INFORMATION:
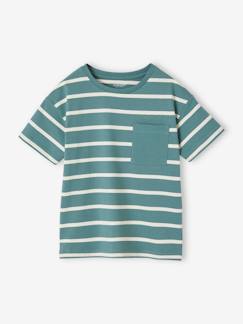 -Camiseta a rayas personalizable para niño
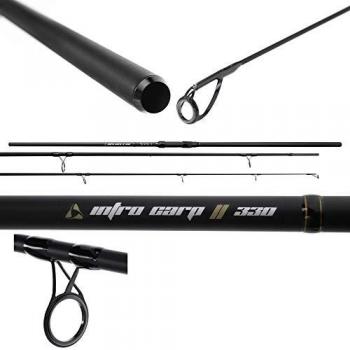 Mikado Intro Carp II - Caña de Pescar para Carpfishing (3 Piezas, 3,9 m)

* * *

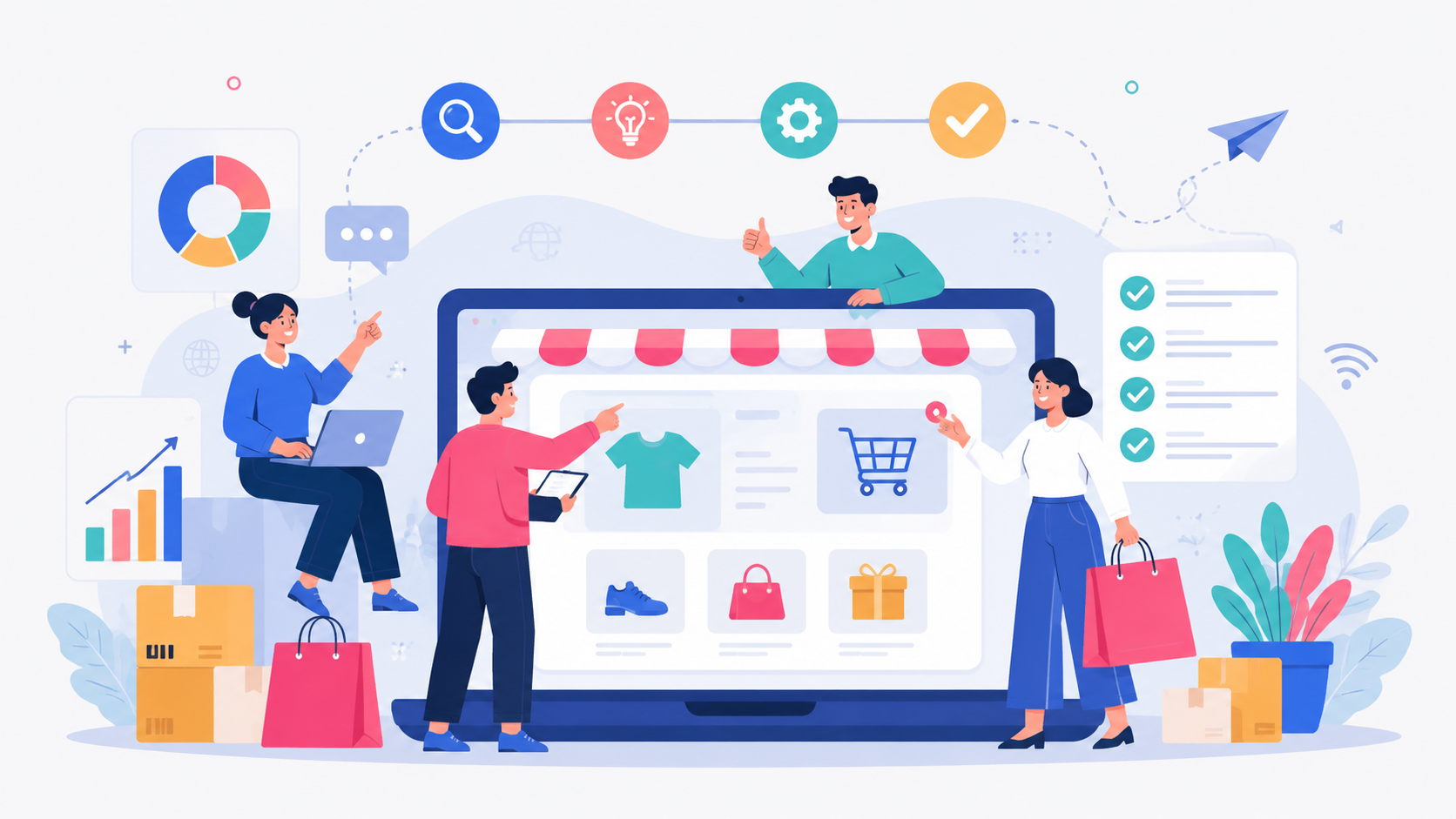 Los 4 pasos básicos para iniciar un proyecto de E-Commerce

PROMPT:
Those lines of the records above that run from the one containing "-Camiseta a rayas personalizable para niño" through the one containing "Mikado Intro Carp" should be returned exactly, with no pictures among them.

ANSWER TO THE EXERCISE:
 -Camiseta a rayas personalizable para niño
 Mikado Intro Carp II - Caña de Pescar para Carpfishing (3 Piezas, 3,9 m)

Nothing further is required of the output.